Hopes that Labour would save Birmingham’s Central Library from demolition if the party takes control of the city council next May have been dashed.
Group leader Sir Albert Bore confirmed that he would go ahead with a plan to get rid of the 1970s brutalist structure, which is due to be knocked down to make way for a £500 million redevelopment of Paradise Circus after the new civic library opens in Centenary Square in 2013.
Although the clearance proposal was devised by the council’s Conservative-Liberal Democrat coalition, it is not being opposed by Labour councillors.
Sir Albert (Lab Ladywood) was responding to a plea to save the building from Friends of the Central Library organiser Alan Clawley.
In a letter to Sir Albert, Mr Clawley points out that English Heritage has twice recommended that the Central Library be listed as a building of special architectural importance and kept for future generations to enjoy.
However, an immunity from listing certificate approved by the Government this year effectively gives the council until 2016 to demolish the building.
The three main political parties on the council agree it would be too expensive to put the concrete-clad building into a good state of repair.
Sir Albert said: “My view is that the Central Library building must go to make way for the redevelopment of Paradise Circus. I shall be writing to Mr Clawley to explain why I cannot go along with his request.”
Sir Albert said he was excited by development plans being drawn up by former Argent director Gary Taylor, which envisage a new civic square on land presently occupied by the library.
In his letter, Mr Clawley said: “We continue to argue the Central Library building should, and could, be kept and put to good use rather than demolished.”

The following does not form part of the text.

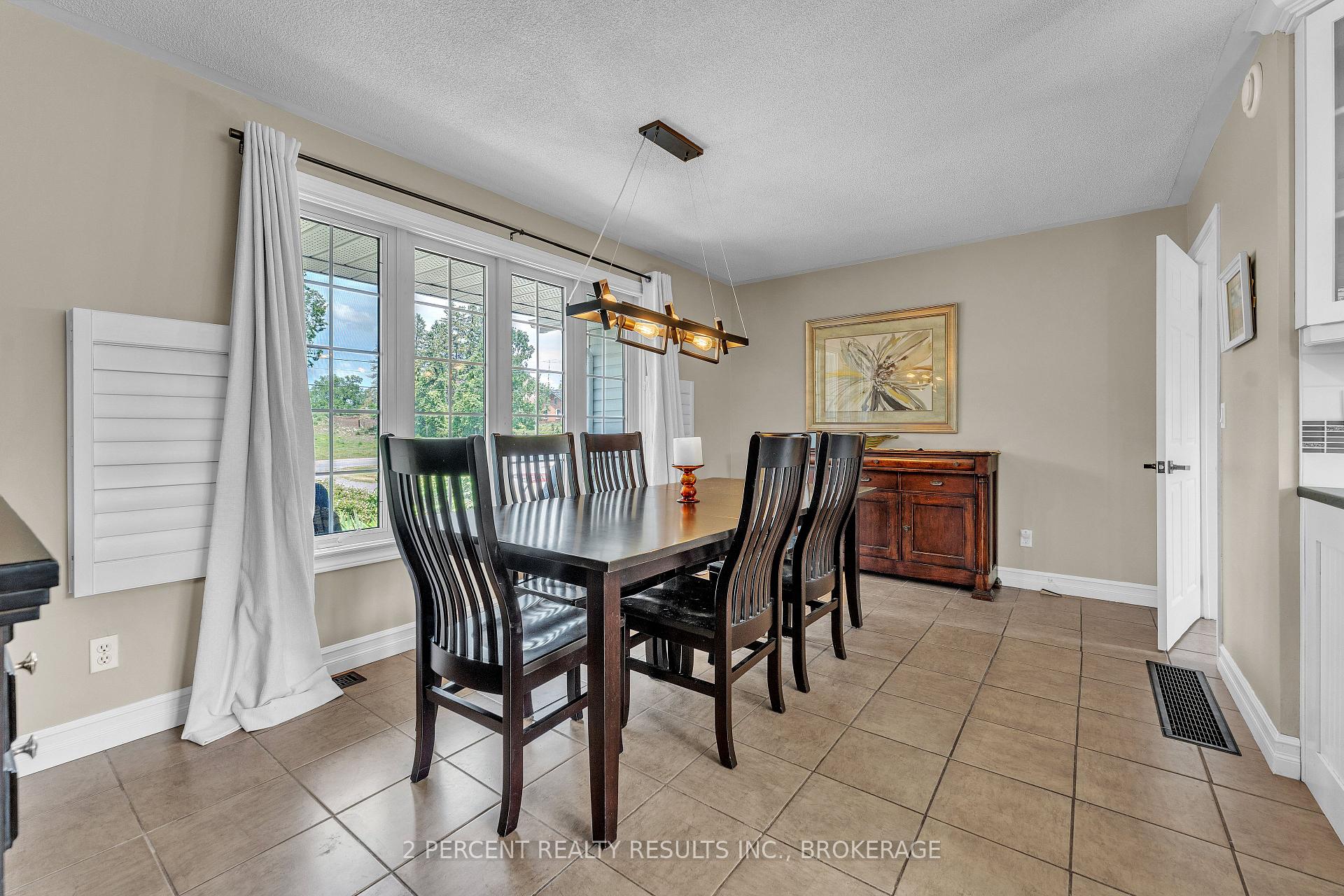 Photo 10 of 1054 Bethel Road, Belleville, Thurlow Ward — HOMEH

Mr Clawley argued that keeping the building intact would “conserve energy and avoid the expenditure of new energy and further emissions of CO2.”
There were sound economic and social reasons to keep the building as a key city centre feature, he added.
He continued: “Findings from recent Urban Design studies show that it is entirely feasible to integrate the Central Library building into any future Paradise Circus redevelopment. We are not campaigning against Paradise Circus being redeveloped. Rather, we are working on ideas and proposals for the re-use of the Central Library building and its possible integration into any redevelopment.
“We would be particularly interested in knowing if Labour would be prepared to consider reviewing the present administration’s policy that makes the immediate demolition of the Central Library building necessary.”
Mr Clawley’s plea came as the Central Library was placed on an at-risk list by the World Monuments Fund.
Its 2012 World Monuments Watch list also includes Coventry Cathedral.
The WMF says its list “seeks to draw international attention as well as local community support for some of the world’s most treasured locations”.
WMF chief executive Jonathan Foyle said: “We can never afford to take for granted our irreplaceable and enriching cultural inheritance, but in an age of greater austerity this Watch further reminds to be vigilant, look after and enjoy historic places, many of which we could not afford to build today.”